STYL-06: Comment tersely with value-added information |
The best way to explain what your code is doing is to let that code speak for itself. You can take advantage of many self-documentation techniques, including:
- Use meaningful variable, procedure, and function names.
- Use the language construct that best reflects the code you are writing (choose the right kind of loop for your logic, label loops and BEGIN-END blocks, etc.).
Whenever you find yourself adding a comment to your code, first consider whether it is possible to modify the code itself to express your comment. Good reasons to add comments include:
- Program headers, explanations of workarounds, patches, operating-system dependencies, and other "exceptional" circumstances
- Complex or opaque logic
Example
Let's follow a trail of unnecessarily commented code to self-documenting code. We start with:
-- If the first properties element is N... IF properties1 = 'N'
Yikes! Our line of code was incomprehensible and our comment simply repeated the code using the English language, rather than the stored program language. No added value, no real assistance, yet not at all uncommon. The least we can do is use the comment to "translate" from computer-talk to business requirement:
-- If the customer is not eligible for a discount... IF properties1 = 'N'
That's better, but we have created a redundancy: if our requirement ever changes, We have to change the comment and the code. Why not change the names of our variables and literals so that the code explains itself?
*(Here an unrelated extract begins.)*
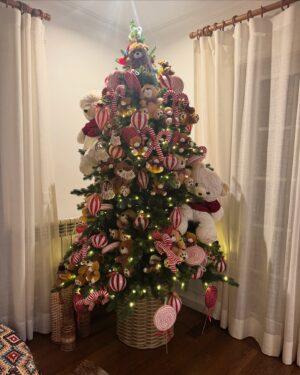 Rita Pereira Instagram - É para postar foto pirosa de Natal 2024 em família ao lado da árvore?! Entregue! 😂🎄

#natal2024 #family #christmas #love #present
IF customer_discount_flag = const_ineligible
Much better! Now we no longer need a comment. Our remaining concern with this line of code is that it "exposes" a business rule; it shows how (at this moment in time) we determine whether a customer is eligible for a discount. Business rules are notorious for changing over timeand for being referenced in multiple places throughout our application. So our best bet is to hide the rule behind a self-documenting function call:
IF NOT eligible_for_discount (customer_id)